*GIVEN INFORMATION:*
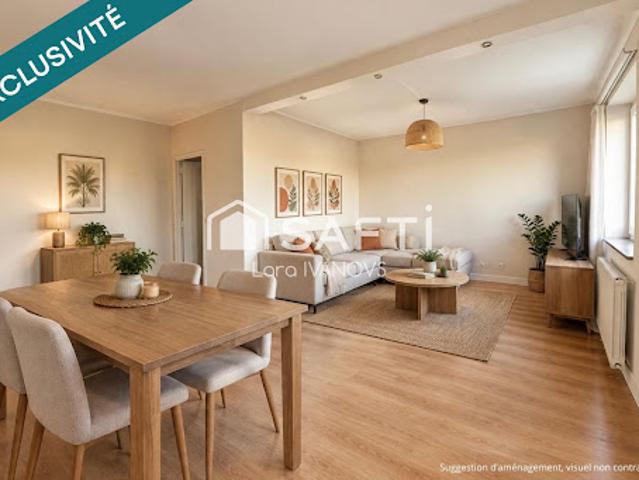 Appartement vente à Palissy, Joinville-le-Pont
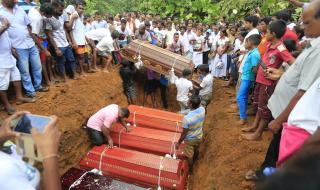 Над 120 жертви взеха наводненията в Шри Ланка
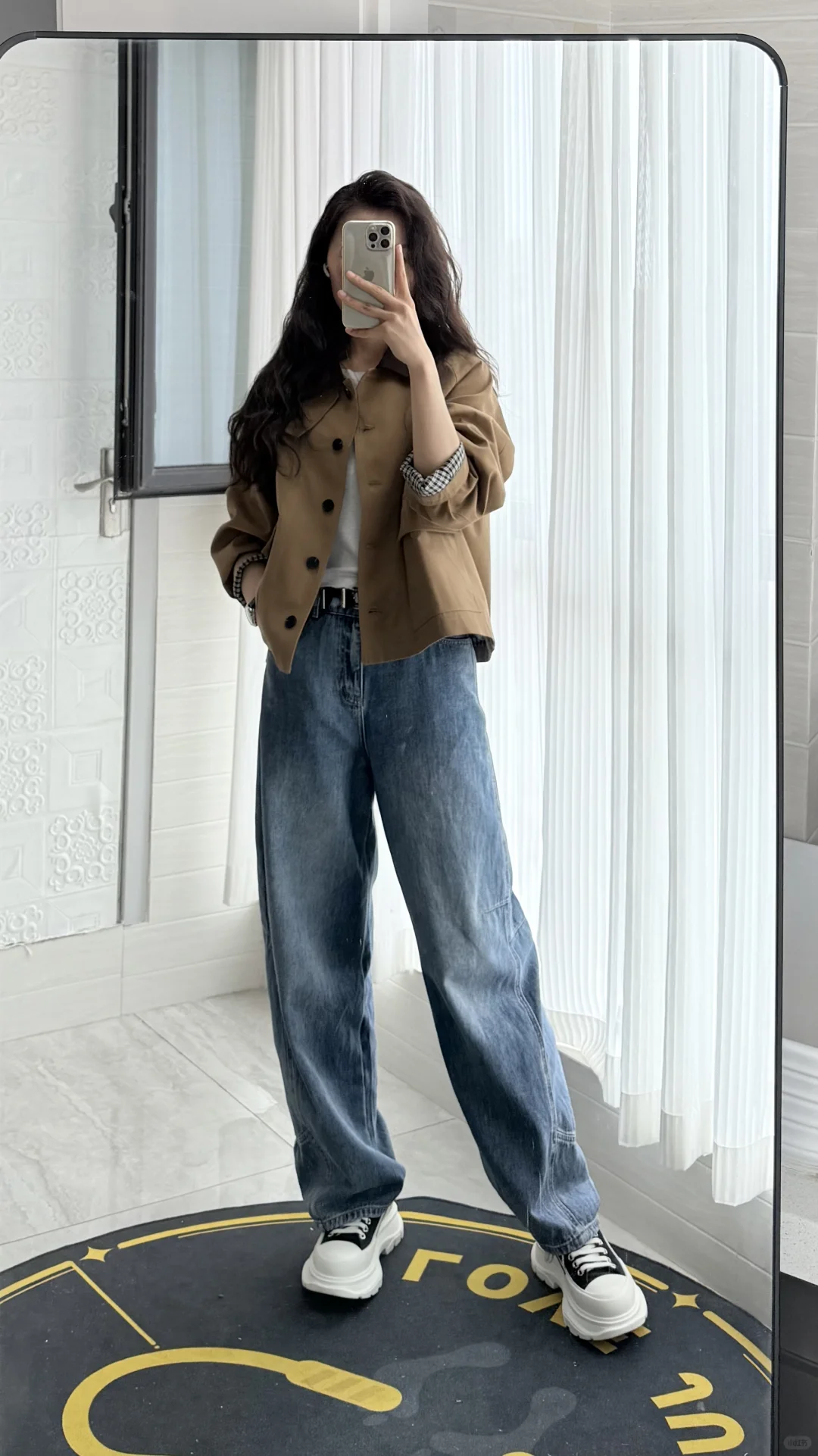 不费力穿搭-早秋一周穿搭不重样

*WHAT THE TASK ASKS:* Write out, word for word, only the lines from the one containing "Над 120 жертви" to the end of the data above; the pictures stay out.

*TASK RESPONSE:*
 Над 120 жертви взеха наводненията в Шри Ланка
 不费力穿搭-早秋一周穿搭不重样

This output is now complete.